┌─ Excerpted data
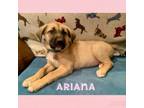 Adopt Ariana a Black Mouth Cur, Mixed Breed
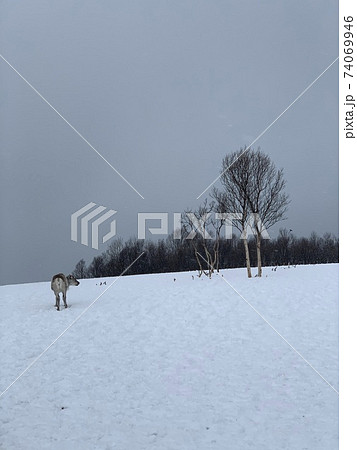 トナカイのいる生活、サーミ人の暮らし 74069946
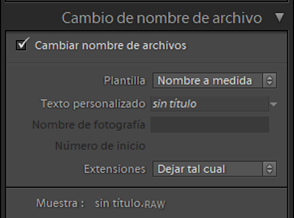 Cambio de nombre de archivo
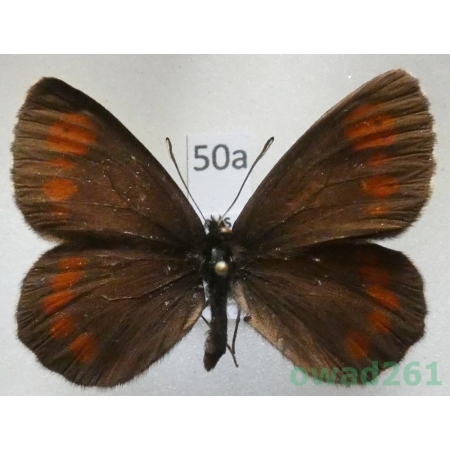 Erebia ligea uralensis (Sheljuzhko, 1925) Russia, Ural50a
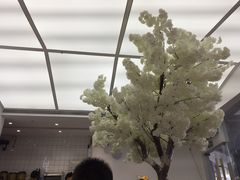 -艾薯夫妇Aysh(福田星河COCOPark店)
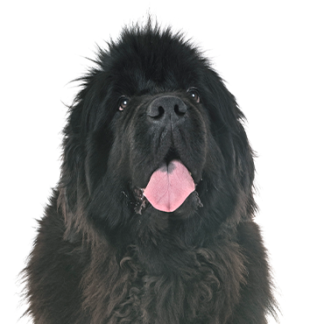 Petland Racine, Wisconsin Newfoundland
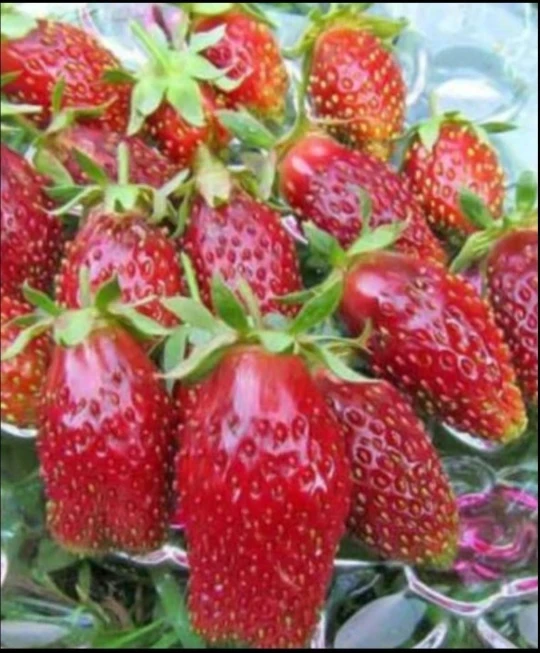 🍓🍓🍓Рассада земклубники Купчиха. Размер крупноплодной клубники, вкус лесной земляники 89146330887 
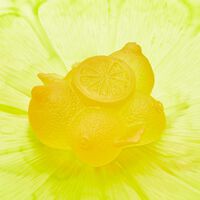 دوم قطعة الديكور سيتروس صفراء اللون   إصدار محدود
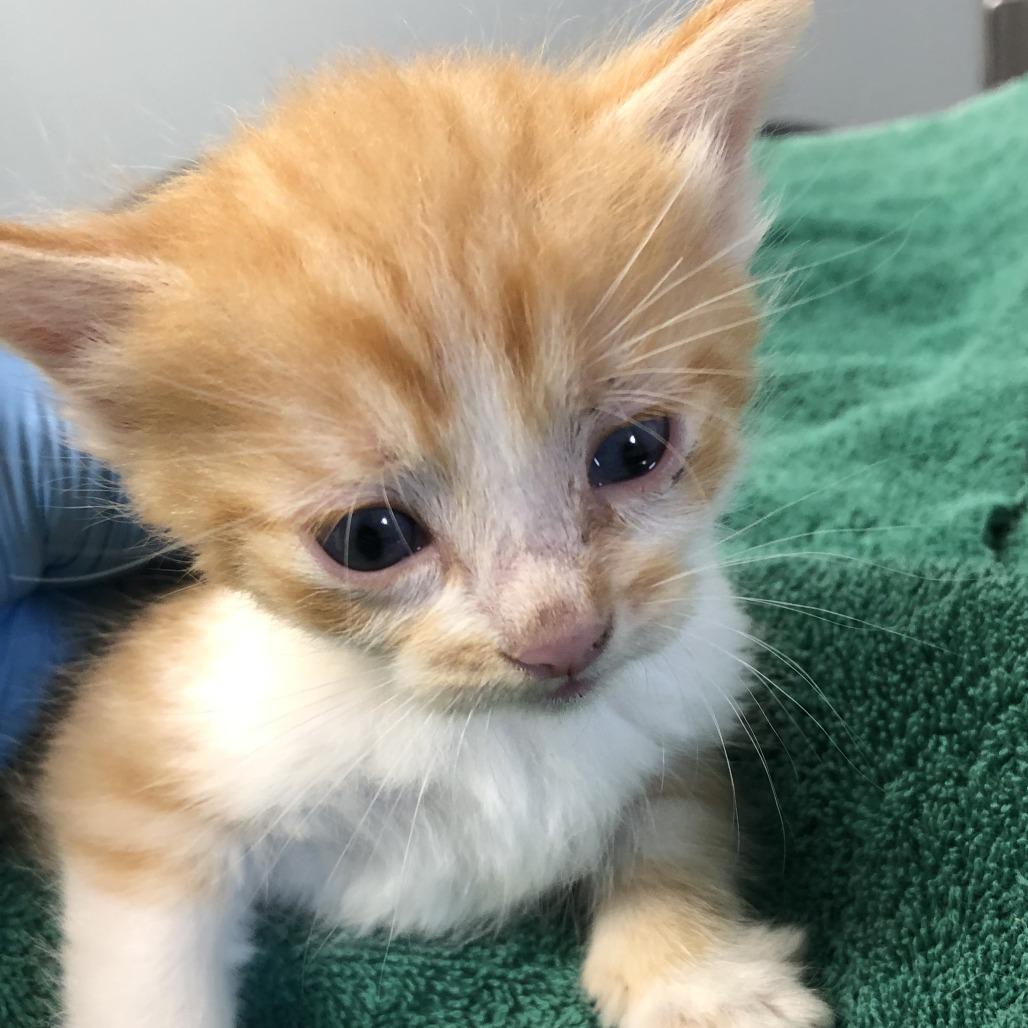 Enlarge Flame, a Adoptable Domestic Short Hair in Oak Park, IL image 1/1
└─
┌─ Excerpted data
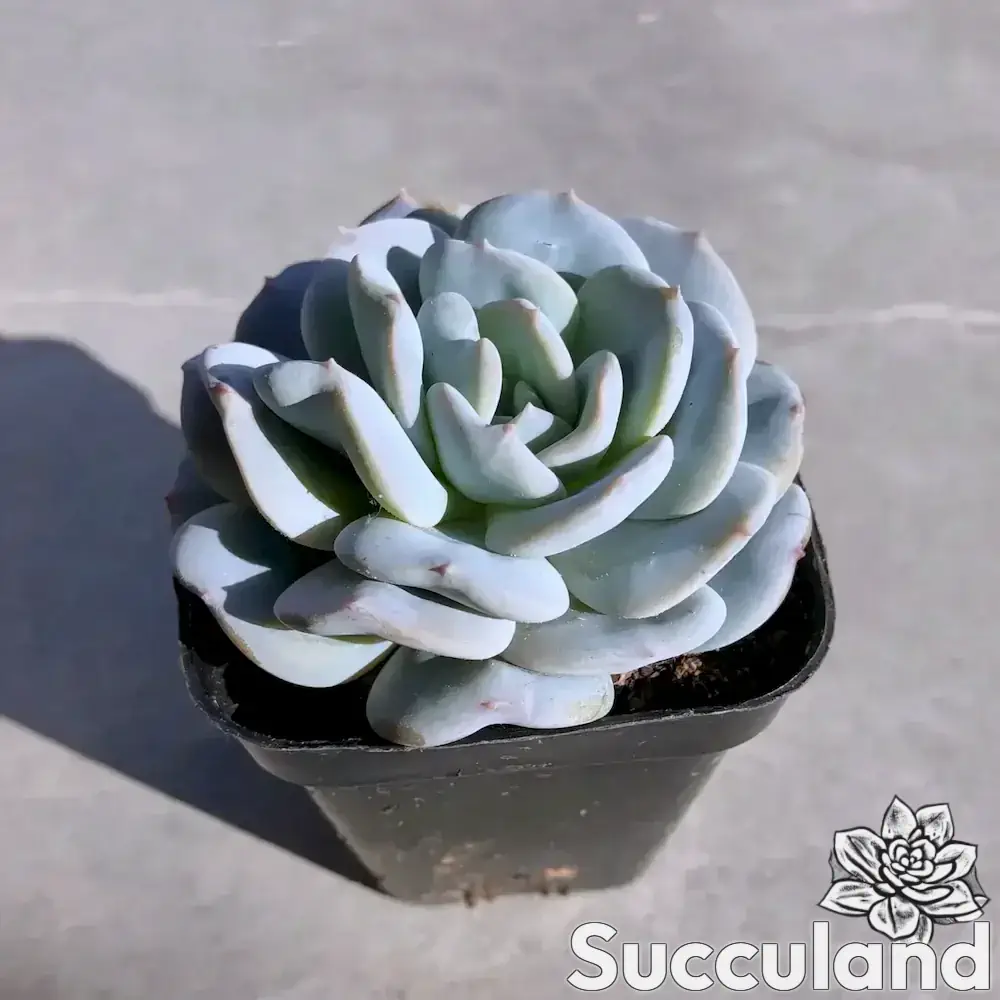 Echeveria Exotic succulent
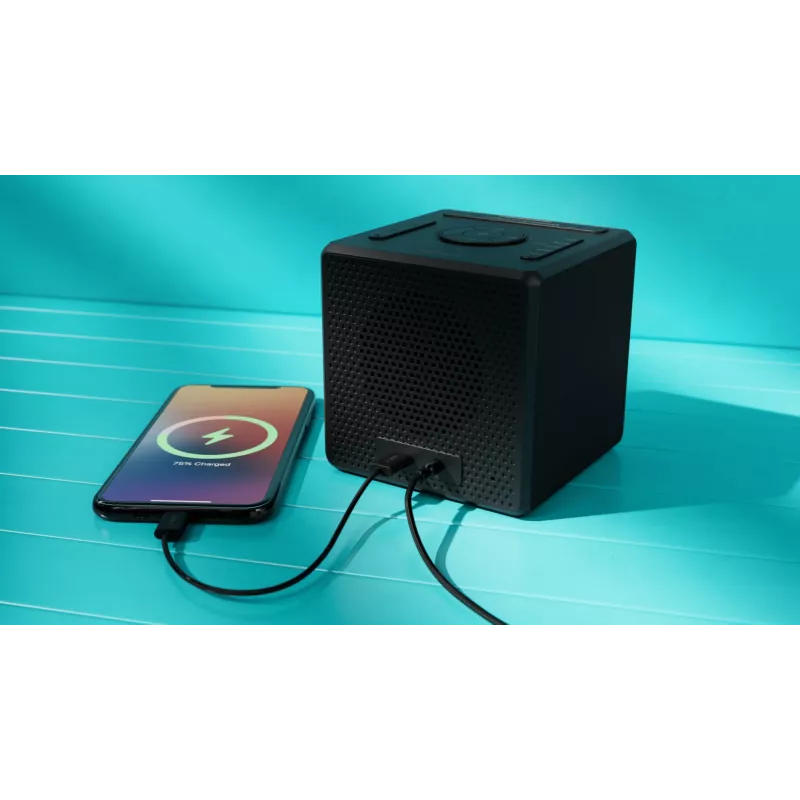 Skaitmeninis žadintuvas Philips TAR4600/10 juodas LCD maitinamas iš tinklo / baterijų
└─
┌─ Excerpted data
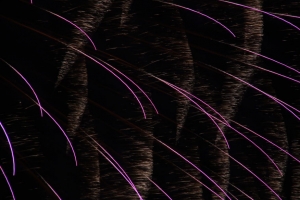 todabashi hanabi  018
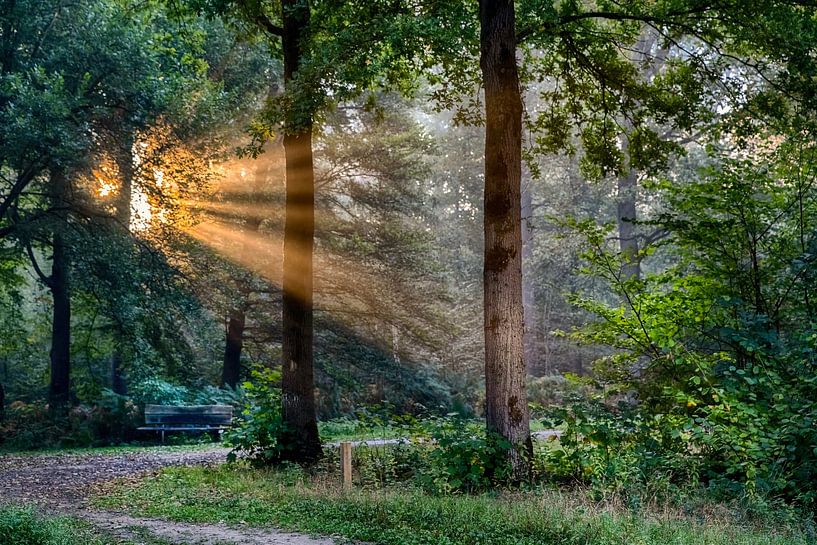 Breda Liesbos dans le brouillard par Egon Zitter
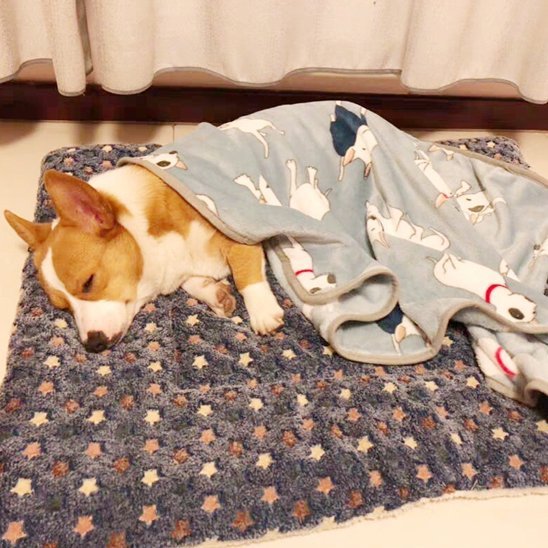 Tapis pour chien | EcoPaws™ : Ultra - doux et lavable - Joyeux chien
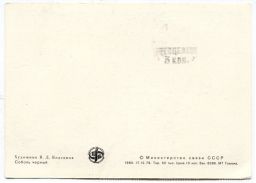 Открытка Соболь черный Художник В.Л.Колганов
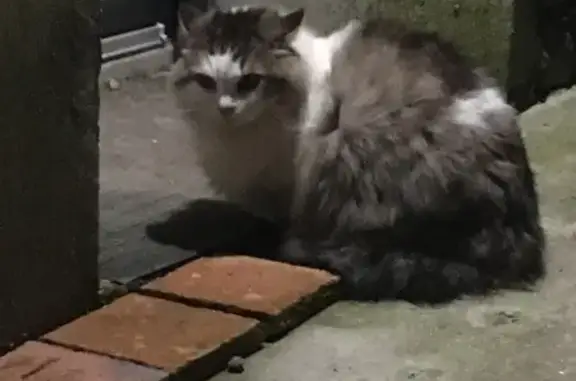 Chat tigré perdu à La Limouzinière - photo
└─
Required action =>
Look above for the line with "-艾薯夫妇Aysh(福田星河COCOPark店)", then give again exactly every line from there through the line with "Enlarge Flame, a", skipping the pictures.

Task response =>
 -艾薯夫妇Aysh(福田星河COCOPark店)
 Petland Racine, Wisconsin Newfoundland
 🍓🍓🍓Рассада земклубники Купчиха. Размер крупноплодной клубники, вкус лесной земляники 89146330887 
 دوم قطعة الديكور سيتروس صفراء اللون   إصدار محدود
 Enlarge Flame, a Adoptable Domestic Short Hair in Oak Park, IL image 1/1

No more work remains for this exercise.